And of course she's been famously "reaching out" to the Republican right, assuring the pro-lifers that she hates abortion almost as much as they, siding with the Republicans, along with Joe Lieberman, on Terri Schiavo, teaming up with Robert Bennett of Utah on a bill to make a crime of flag-burning when the intention is to "intimidate" someone (she compared it to the Klan burning a cross on a black couple's lawn), and joining Rick Santorum and Sam Brownback in a bill to crack down on the violence and sexism of video games. Santorum is a reactionary Catholic. Brownback, formerly a Southern Baptist, was recently converted to the faith of Mother Church by the Rev. Richard John Neuhaus (misidentified in my last missive as Neustadt--sorry). Santorum, along with Justices Scalia and Alito, is rumored to be a member of Opus Dei. Watch out for Hillary to condemn "The da Vinci Code" in no uncertain terms!

The other day she addressed the Chamber of Commerce and scolded young people nowadays who seem to think that work is a "four-letter word." Well, it is. She thought it was high time "we started to think some very old-fashioned thoughts." The pandering was so risably blatant that both John Stewart and Stephen Colbert ran clips on their satirical shows, alongside John McCain in cap and gown at Fallwell's Liberty University.

What else is there to say of this woman? She has been unflinching and unyielding in her support of the war she voted for without a qualm or moment of reflection in 2002; tried to get to Bush's right by going to Baghdad to rally the troops, seize a mess tray, and get in the chow line; and proposed a year ago that the active duty armed forces be increased by 80,000, in increments. Other pro-war Dems then in the Senate have dropped by the wayside: Rockefeller, Biden, Edwards, Kerry. She never will. If she becomes president, our stratospheric defense budget will go even higher. And, oh yes, health insurance. Al Franken, on his talk show on Air America Radio asked her if she would now endorse single-payer. Dumb question perhaps to the woman who with Ira Magaziner concocted that success-proof scheme thirteen years ago, but anyway, for the record, she replied, "No, we require a uniquely American solution."
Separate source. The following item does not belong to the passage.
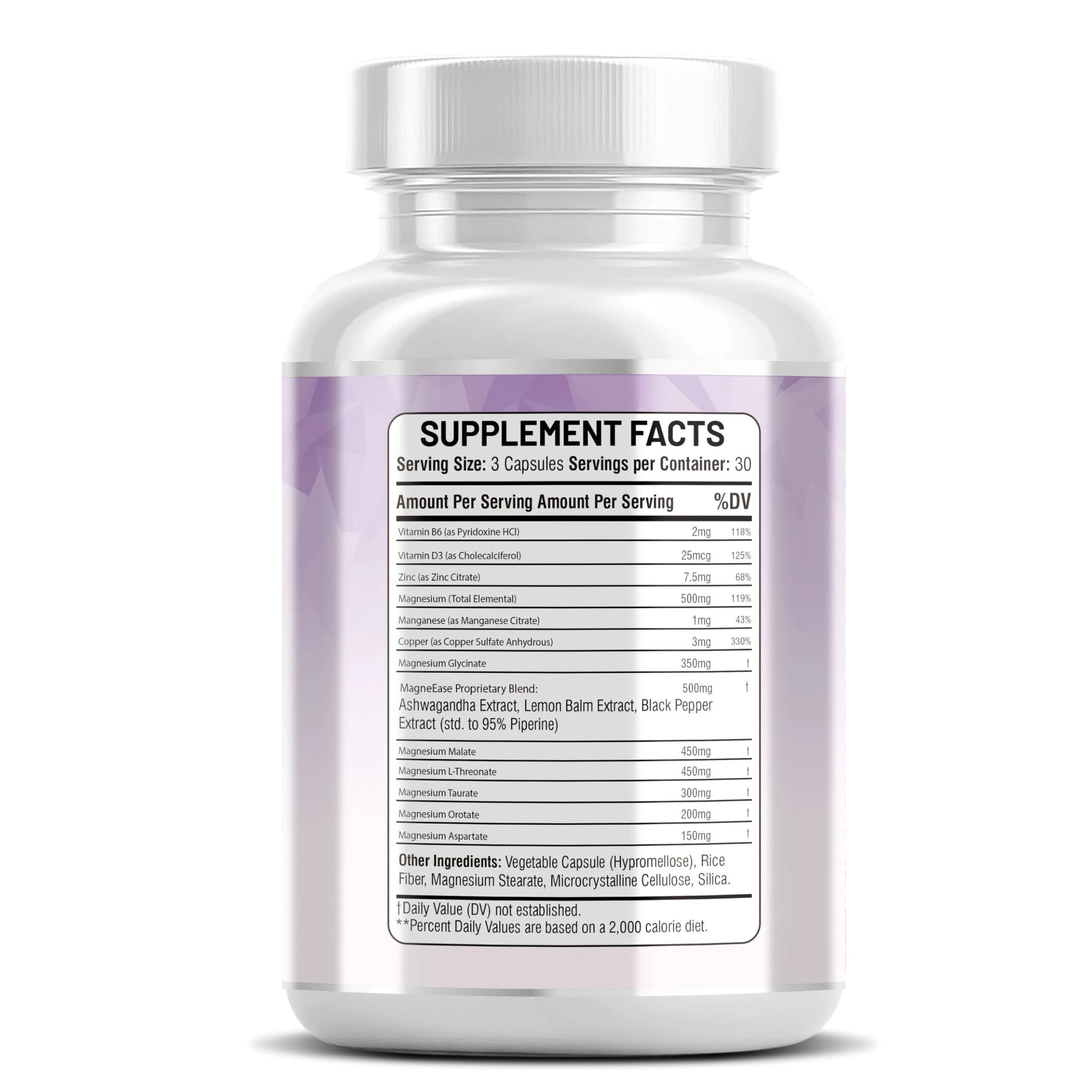 Kun Shafi Magnesium Complex with Magnesium Glycinate Malate, L-Threonate, Taurate, Orotate, Zinc,Aspartate, Copper Manganese & Vitamin D3 B6 Complex - 1Pack Kun Shafi uk supplements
But, we are told, the nomination of HRC is almost a done deal. Unheard of heaps of campaign cash. No real opposition. Steely resolve. But something funny is going on. Most of the people talking this way seem to be Republicans. "Hillary Clinton's political future is both unpredictable and unlimited. She has..a political network second to none. And money will never be a problem. Senator Clinton would be a formidable opponent for Republicans in 2008 as the nation remains closely divided." Who said that? Why, the aw-shucks boy-Senator from South Carolina, Lindsey Graham, in an appreciation of HRC in Time ("I have found common ground with her on improving health-care benefits for members of the National Guard and Reserve.") Yes, the former boy-Representative who in 1999 was one of the six Republican "impeachment managers" who framed the articles to bring down Hill's hubby. Ah yes, politics and strange bedfellows.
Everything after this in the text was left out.